First install pandas using pip install pandas

i/p > A text file with input data in given format

o/p > A text file with required output in csv format


import pandas as pd
from datetime import datetime

with open("input") as file:     # Read input
    headers = ["id", "first_name", "last_name", "age", "address", "date"]
    dtypes = [int, str, str, int, str, datetime]
    data_frame = pd.read_csv(file, sep='[|][|]', names=headers, header=None,  parse_dates=['date'],
                             engine="python")   # Read data into data frame from csv
    data_frame.sort_values(data_frame.date.name, ascending=False, inplace=True)     # Sort the values based on dates
    data_frame.drop_duplicates(subset=data_frame.id.name, inplace=True)     # Delete duplicate rows based on id
    data_frame.to_csv('output', sep=',', header=None)   # Generate outpu

Kaushal Pahwani
  • 464
  • 3
  • 11
1
import pandas as pd
import numpy as np

f= open("sample.txt","w+")
f.write("1||mike||jones||38||first street||2018-05-01\n2||michale||jones||38||8th street||2018-05-01\n3||mich||jones||38||9th street||2018-05-01\n4||mitchel||jones||38||10th street||2018-05-01\n1||mike||jones||38||first street||2018-12-01")
f.close()

#read the delimited file with appropriate dataType(numpy.datetime64) for date field
tbl= pd.read_csv("sample.txt",sep='\|\|',names=("id","firstName","lastName","age","address","applicationDate"),dtype={"id":np.int,"firstName":np.str,"lastName":np.str,"age":np.int,"address":np.str,"applicationDate":np.datetime64})


#Note-
#Records with ID=2,3,4 are distinct based on address
#only record with id=1 is dupelicate.

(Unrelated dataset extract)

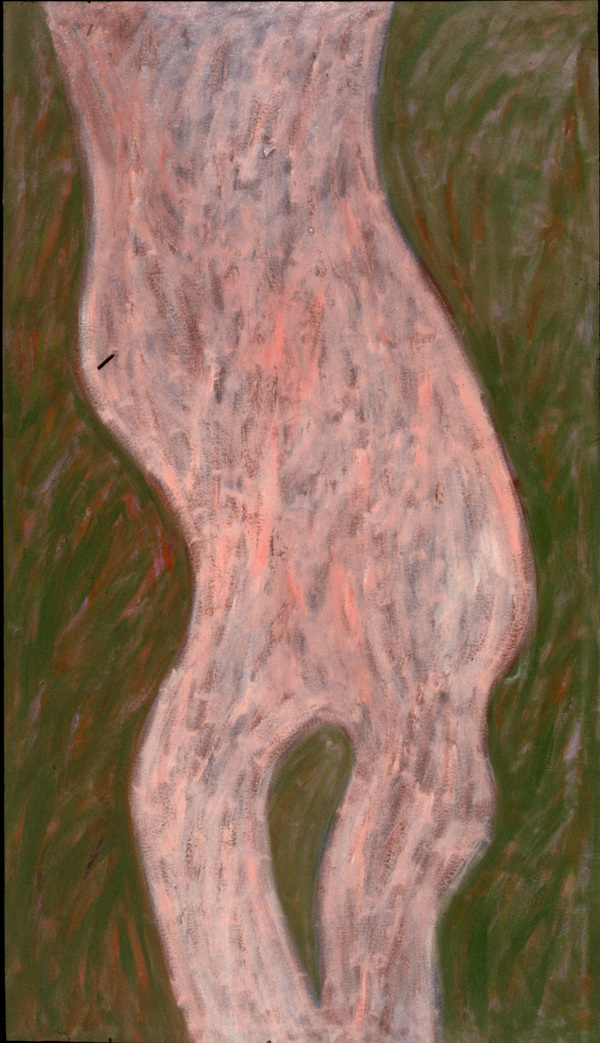 Wendy V. Edwards Archive '75 - '00 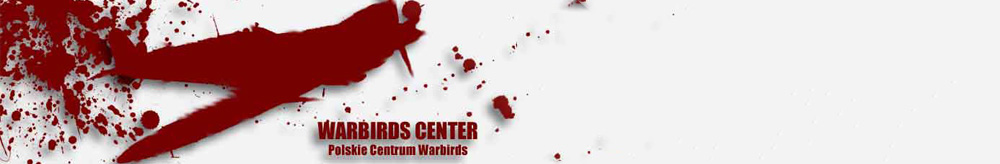 Forum Warbirds Center Strona Gwna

Hence source system is taking care of identification of duplicate regestration.
#So We'll only need to identify duplicates based on ID & recent record based on application date(No need to re-implement any logic for dupelicate identification).


for id in set(tbl["id"]):
    #create the temperory dataFrame for rows consist of given id and rank based on value in each field. 
    tempRankDF = tbl.loc[tbl["id"]==id].rank(ascending=False)

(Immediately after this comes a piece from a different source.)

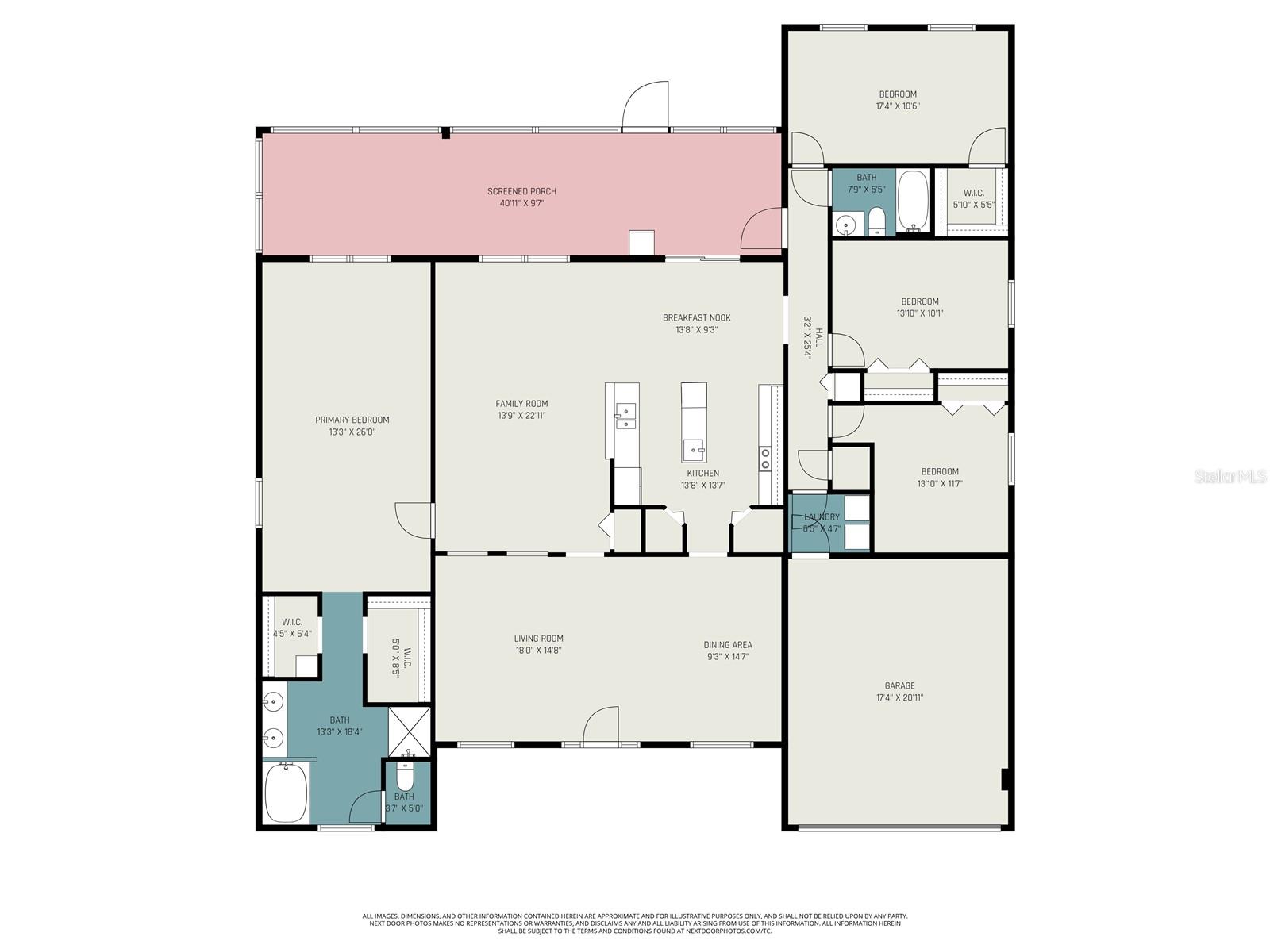 TRAILS-UNIT 3 - Residential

    #Note- rank function will calculate rank for each field based on it's dataType. 
    #Hense we used dataType for field "appilcationDate"=numpy.datetime64. 
    #So that when we calculate the rank in descending order on "applicationDate" then recent record will have rank==1

    #Get the index of recent record wrt original dataFrame
    recentRowIndex = tempRankDF.loc[tempRankDF["applicationDate"]==1].index[0]

    print(tbl.iloc[recentRowIndex])


#Note: Update the code inside for loop as per your convinence to write final resultset to either file or another dataFrame or to the database.
#You can directly execute this code & check the resultset.